ASSIGNMENT: Each line from the top of the listing down to and including the line with "John Milton (1608–1674), Poet and Scholar" must be duplicated exactly; pictures are to be skipped.

SUPPLIED ENTRIES:
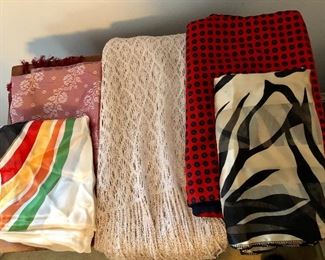 Scarves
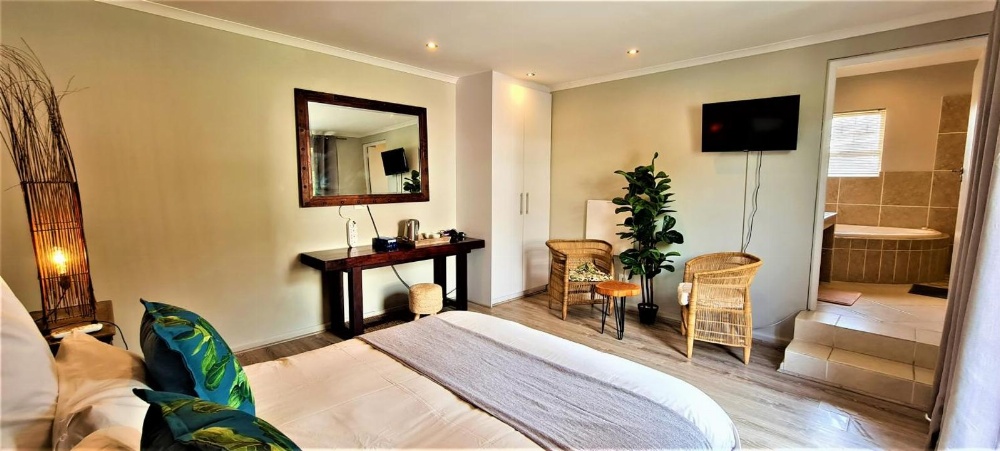 African Groove Camps Bay Image 39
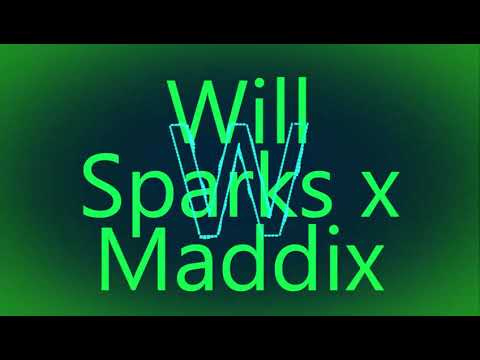 Will Sparks X Maddix Feat Mangalam Remix 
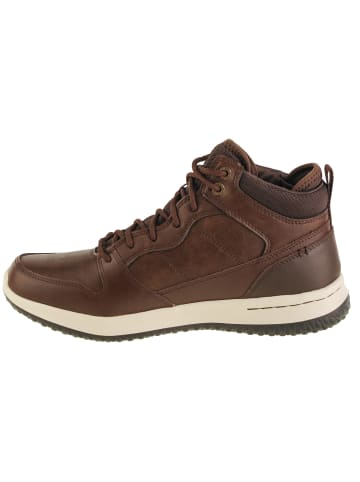 Skechers Skechers Delson - Selecto in Braun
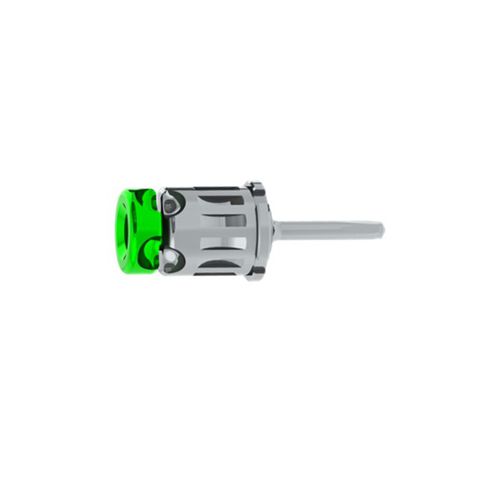 Dentaler Schrauber / Ratsche - 1525 series - MOZO-GRAU S.A. - für Dentalimplantate / für Handstücke / sechseckig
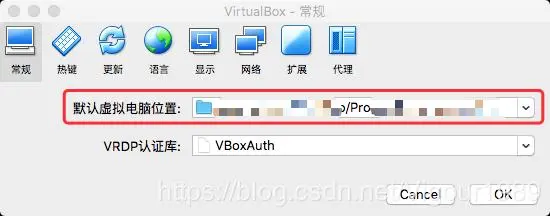 如何使用virtual box在macos下安装windows 7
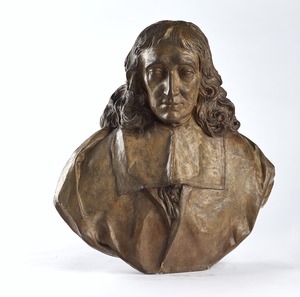 John Milton (1608–1674), Poet and Scholar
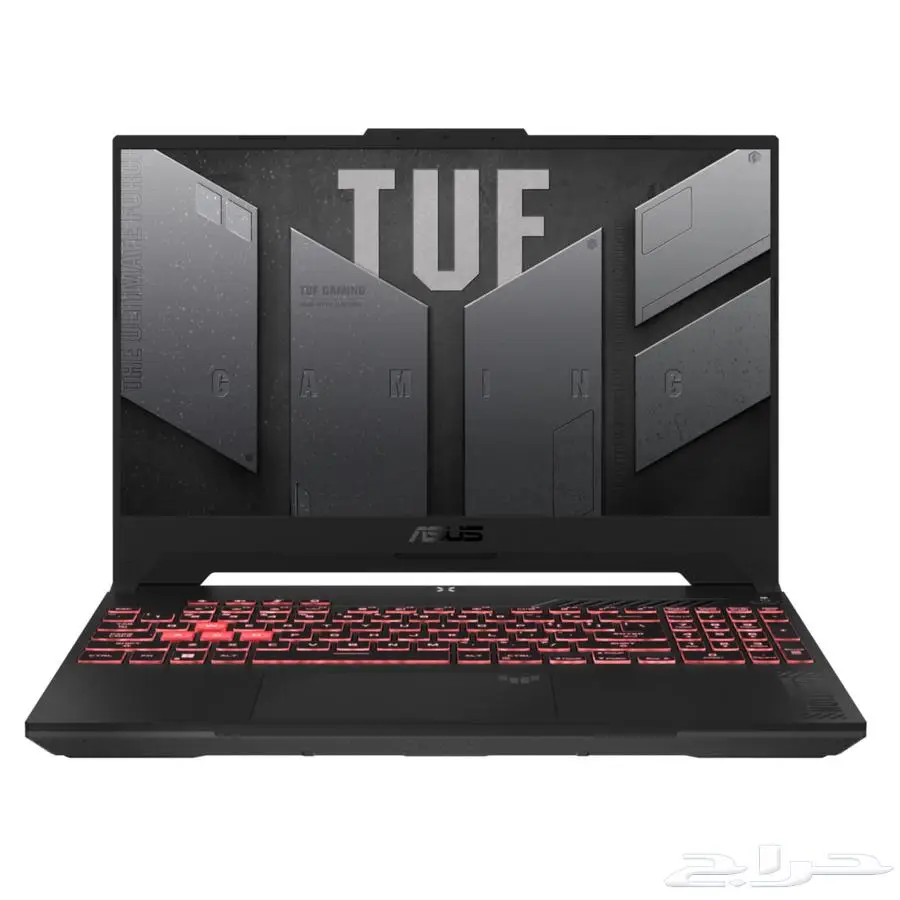 للبيع لابتوب قيمنق ASUS TUF جديد index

REPLY TO THE EXERCISE:
 Scarves
 African Groove Camps Bay Image 39
 Will Sparks X Maddix Feat Mangalam Remix 
 Skechers Skechers Delson - Selecto in Braun
 Dentaler Schrauber / Ratsche - 1525 series - MOZO-GRAU S.A. - für Dentalimplantate / für Handstücke / sechseckig
 如何使用virtual box在macos下安装windows 7
 John Milton (1608–1674), Poet and Scholar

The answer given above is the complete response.